Key to that new platform are a new generation of conversational apps built on many years of computing research, called “bots.”
While the experimental Tay bot Microsoft unleashed on Twitter last week may have been a failure, general-purpose chat bots are increasingly powerful tools that provide interactive services on platforms such as WeChat, Slack, and soon on Skype. Instead of going to a Web page to order pizza, you’ll converse with a Domino’s bot. Or instead of slogging through flight times, you'll be getting flight information from a Delta or United bot.
Building with the Bot Framework
Ubiquitous computing researchers have long focused on the idea of the agent: Software that will complete tasks on behalf of users. While bots as they stand are much simpler than an agent, they’re tools that can work in conjunction with smarter, more personal software such as Microsoft's Cortana. That also means bots are meant to be quick and easy to build and deploy, which is where Microsoft’s new Bot Framework comes in.
Designed to be cross-platform, the Bot Framework has its own developer portal. You can quickly sign up and register existing bots to use the portal's back-end services, or build and deploy your own bots from scratch. Bots can be built to work with a wide selection of endpoints, including SMS messaging, so your app can be connected to an ancient Nokia mobile phone running on a 2G network somewhere in a developing country, extending reach well beyond the bounds of the Internet.
At the heart of the Bot Framework is the Bot Connector, which handles connections to channels, as well as cloud storage for state and session tracking. Bots themselves are written using an open source Bot Builder SDK for C# and Node.js, with the SDK hosted on GitHub (though if you have an accessible REST endpoint, you can use any language you like). Finally, registered bots are listed in a public directory, which includes a scratchpad chat service where users can try them out.

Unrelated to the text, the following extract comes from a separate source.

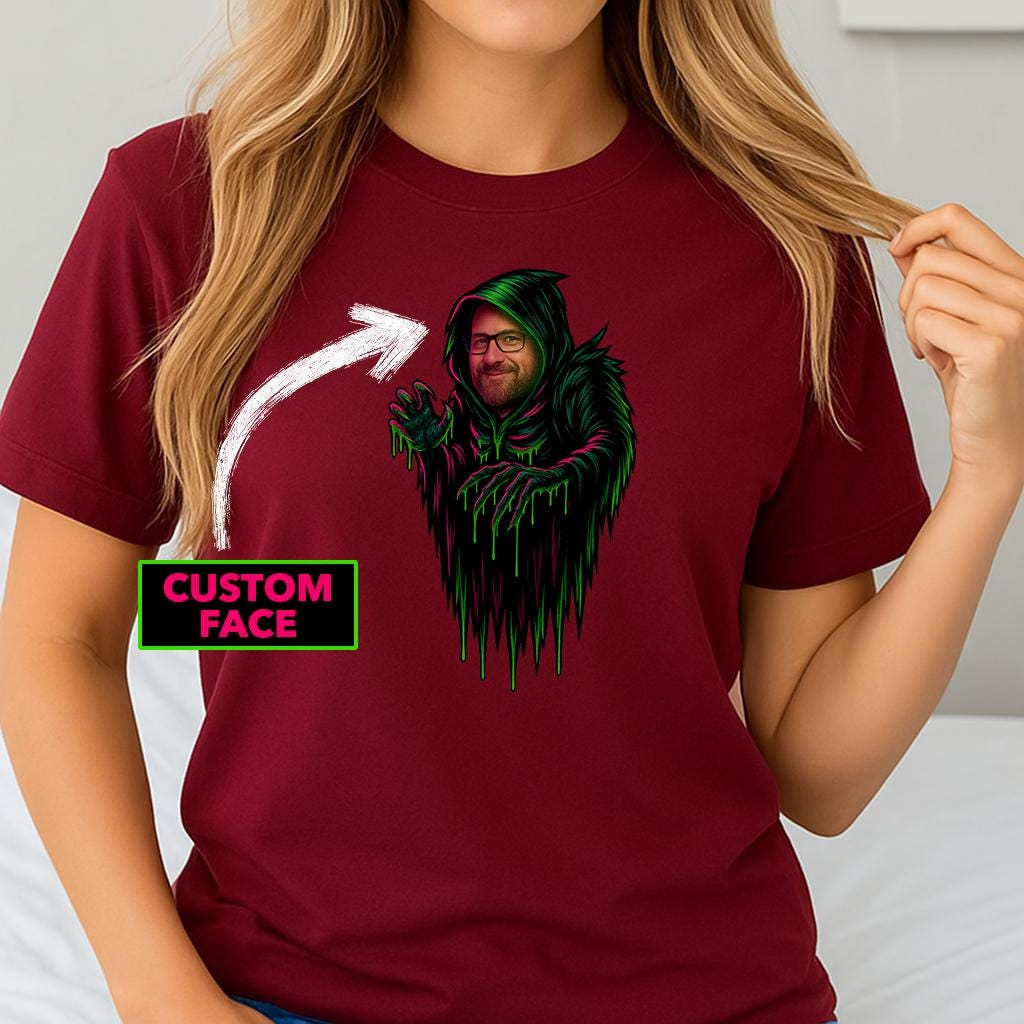 Custom Comfort Colors Halloween Shirt: Spooky Season Tee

Bots are, at heart, chat engines, taking and parsing messages from a user and responding appropriately. For example, a food-ordering bot will take an order, acknowledge it, and pass the order onto an e-commerce system, along with a user’s credentials to approve payment. Developers can use a local emulator to get started, with no need to connect to the cloud service. You’ll need to build a series of call/response pairs to handle chitchat with a user, either looking for simple strings or by using machine learning tools to work with natural language responses.
A bot bestiary
The simplest bots are scripted and will be very familiar to anyone who’s built a bot for IRC or for a chat service like AIM. They behave and operate much like interactive voice response services over the phone (and could quickly be repurposed from existing voice and touch-tone-driven systems).
More complex bots will take advantage of the explosion of machine learning-powered AI systems, with Microsoft providing tools to help refine understanding of user content. An onstage demo showed a food-ordering app being trained to recognize the phrase “my crib” as referring to a user’s home address.

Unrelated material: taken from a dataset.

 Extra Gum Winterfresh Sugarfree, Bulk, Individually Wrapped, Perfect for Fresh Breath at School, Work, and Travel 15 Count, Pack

More complex bots can be built on top of a range of cognitive services Microsoft has been working on over the last year or so. Cortana Analytics builds on Azure’s Machine Learning platform to give you quick API access to common machine learning algorithms. That runs alongside its Cognitive Services microservices, a set of focused APIs for specific machine learning scenarios. Originally named Project Oxford, the Cognitive Services tools now include 22 different REST APIs for speech, natural language, vision, and search.

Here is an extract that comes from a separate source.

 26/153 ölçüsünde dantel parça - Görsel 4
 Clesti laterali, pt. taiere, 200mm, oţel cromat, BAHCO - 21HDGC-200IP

The Language Understanding Intelligent Service (LUIS) is a key tool for bot development, as it lets you build waterfall recognizers that can quickly help pinpoint user intent. It's an important feature when you’re building bots that need to work with a wide swath of the general public.
The power of conversation
APIs like these underpin conversational computing, as they enable developers to infer context from a range of different inputs. Being able to quickly see that someone is at a desk can help tailor responses and decisions, narrowing what could have been a wide decision tree and simplifying the code needed to deliver that conversational agent. Understanding the context a user is working in can quickly make a bot appear as a natural, more intelligent part of a user’s day-to-day life.
Perhaps the real power of this cognitive approach to computing can be encapsulated by the final demo of Satya Nadella’s section of the Build keynote, where a blind engineer has been able to use Cognitive Services vision and speech APIs to build an application that works with smart glasses to narrate the world. This gives him a set of tools that makes it easier to understand what is happening around him, from colleagues’ emotional responses about a presentation to a description that explains a random sound in the park.
Bots and "conversation as a service" are the foundation of a world of cognitive computing. But they bring to the table a set of ready-to-use tools that can expand our applications to a much wider audience. Satya Nadella’s first public speeches talked about a world of “ubiquitous computing and ambient intelligence.” Now, two years on, Microsoft is delivering on that vision.